» **DATASET RECORDS**
━━━━━━
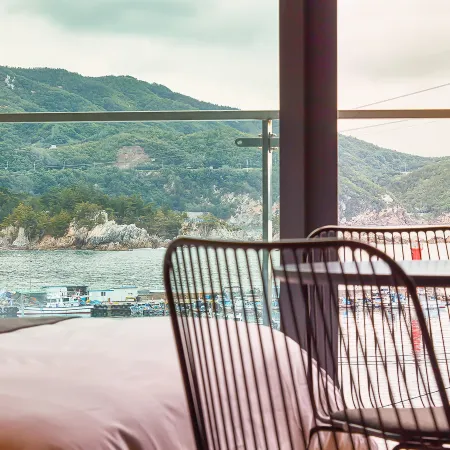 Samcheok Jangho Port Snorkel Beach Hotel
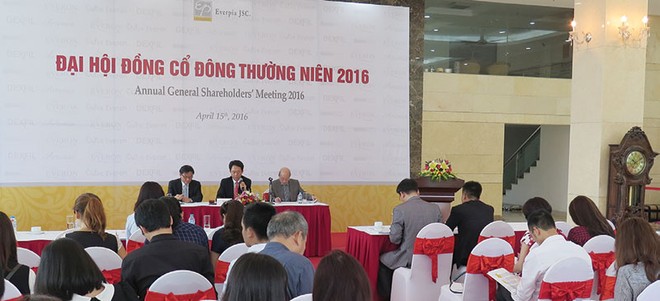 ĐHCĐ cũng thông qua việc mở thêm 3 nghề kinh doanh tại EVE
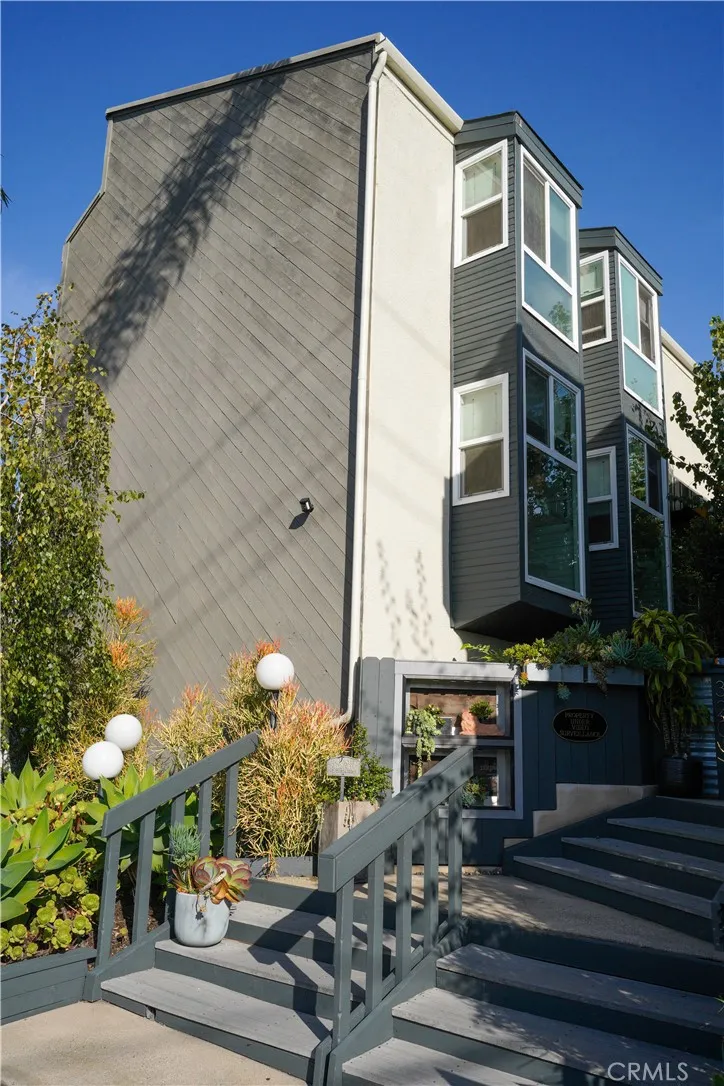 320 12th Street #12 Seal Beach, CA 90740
━━━━━━
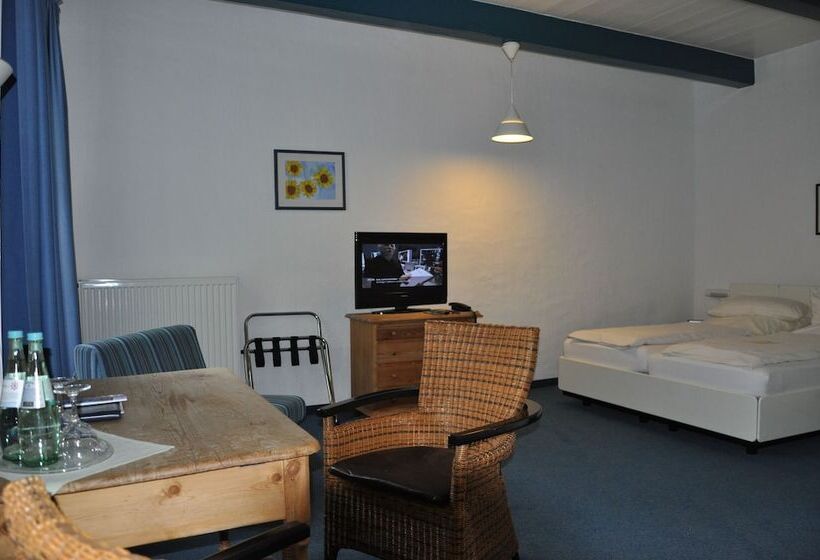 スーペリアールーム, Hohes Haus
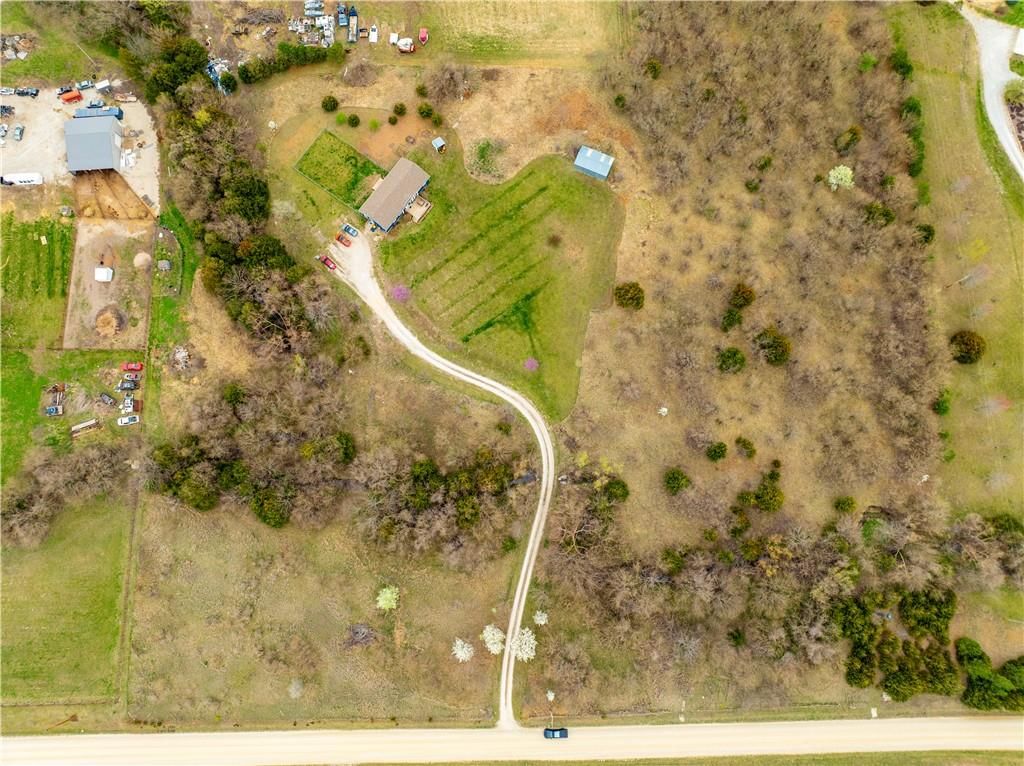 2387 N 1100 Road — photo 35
━━━━━━
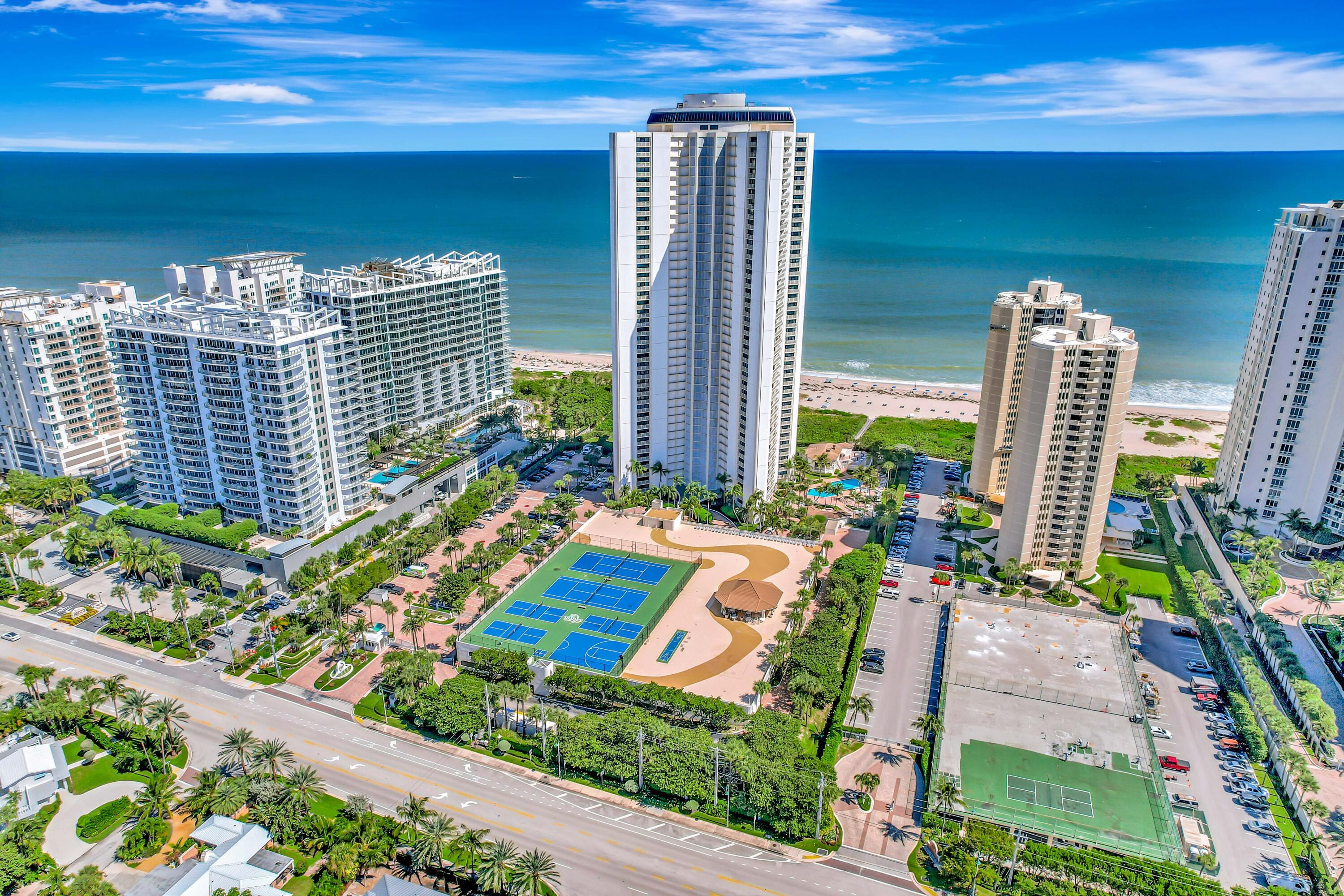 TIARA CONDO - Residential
━━━━━━
» **EXERCISE DETAILS**
Would you please repeat only the lines above, beginning at the one that has "Samcheok Jangho Port Snorkel Beach Hotel" and stopping after the one that has "320 12th Street #12 Seal Beach, CA 90740", exactly and with no pictures?

» **OUTPUT BELOW**
 Samcheok Jangho Port Snorkel Beach Hotel
 ĐHCĐ cũng thông qua việc mở thêm 3 nghề kinh doanh tại EVE
 320 12th Street #12 Seal Beach, CA 90740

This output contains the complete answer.